Martin, like Walter Cottingham, believed in aggresive advertising for his company and its products. He sponsored the “Metropolitan Opera Auditions of the Air,” a successful radio program that ran for years.

Martin’s vision focused on finding ways to expand the company and increase its profits. During his presidency, Sherwin-Williams bought several other high-quality, innovative, and nationally known companies. He believed that Latin America offered a great opportunity. In 1929, Sherwin-Williams bought the Bredell Paint Company of Havana, Cuba. The company expanded manufacturing facilities and established plants in Buenos Aires and Sao Paulo. The business tripled during Martin’s administration.

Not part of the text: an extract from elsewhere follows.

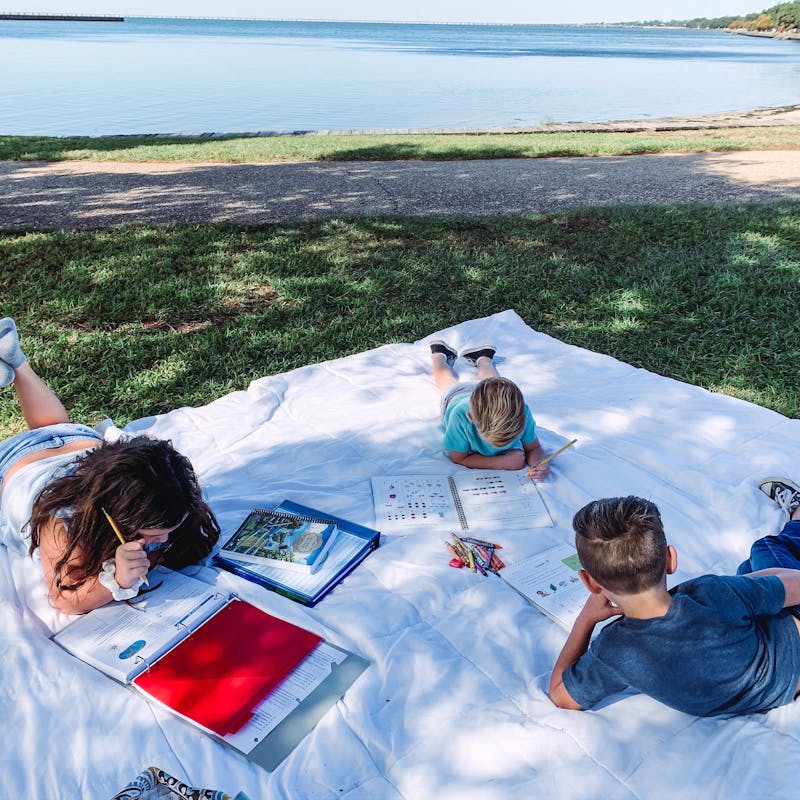 The Darren and Amanda Bone family sits on a blanket outside while reading and studying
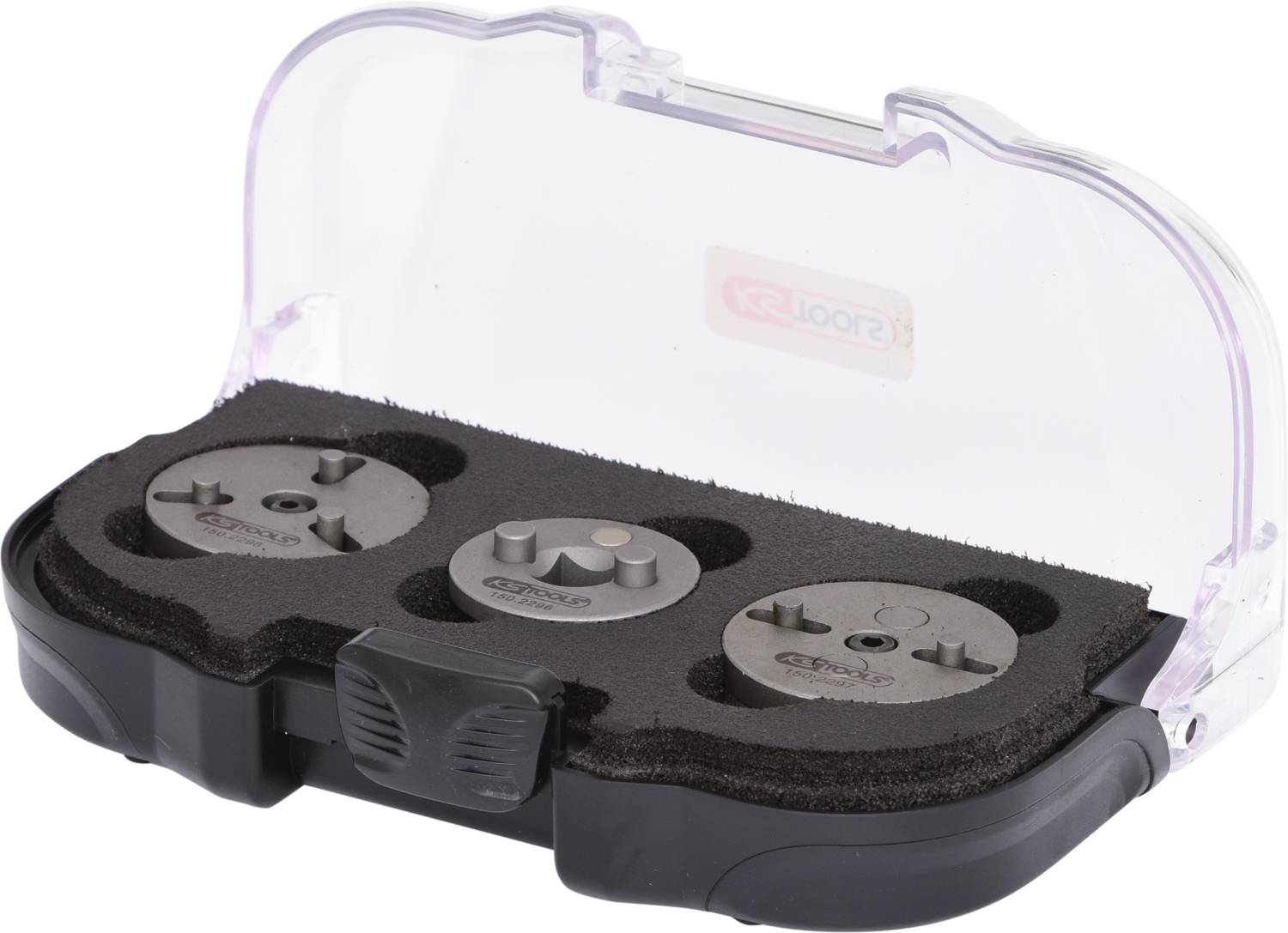 Étui transparent avec trois embouts métalliques ronds, garni de mousse, adapté à des outils électriques spécifiques.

George Abraham Martin was born in Montello, Wisconsin, on November 7, 1865, and moved to Chicago as a baby. After seven years in grade school, he decided he wanted a job, and, at the age of twelve, was hired as a messenger by the Chicago Packing Provision Company.

Choosing to leave the stockyard job, young George spent several years in the brass manufacturing business. He then went to work for a small company engaged in making paint specialties that sold to railroads and industrial accounts. George failed to sell his product to one of the larger railroads that were using a Sherwin-Williams product. Later, Sherwin Williams acquired the company.

George, an ambitious young man, was hired to run the 1988 Sherwin-Williams acquisition of the Calumet Paint Company near Chicago. By 1898, Sherwin Williams had developed rapidly, and Martin became in charge of the entire Eastern Division. In 1905, Martin transferred to Cleveland and, in 1916, was named vice-president.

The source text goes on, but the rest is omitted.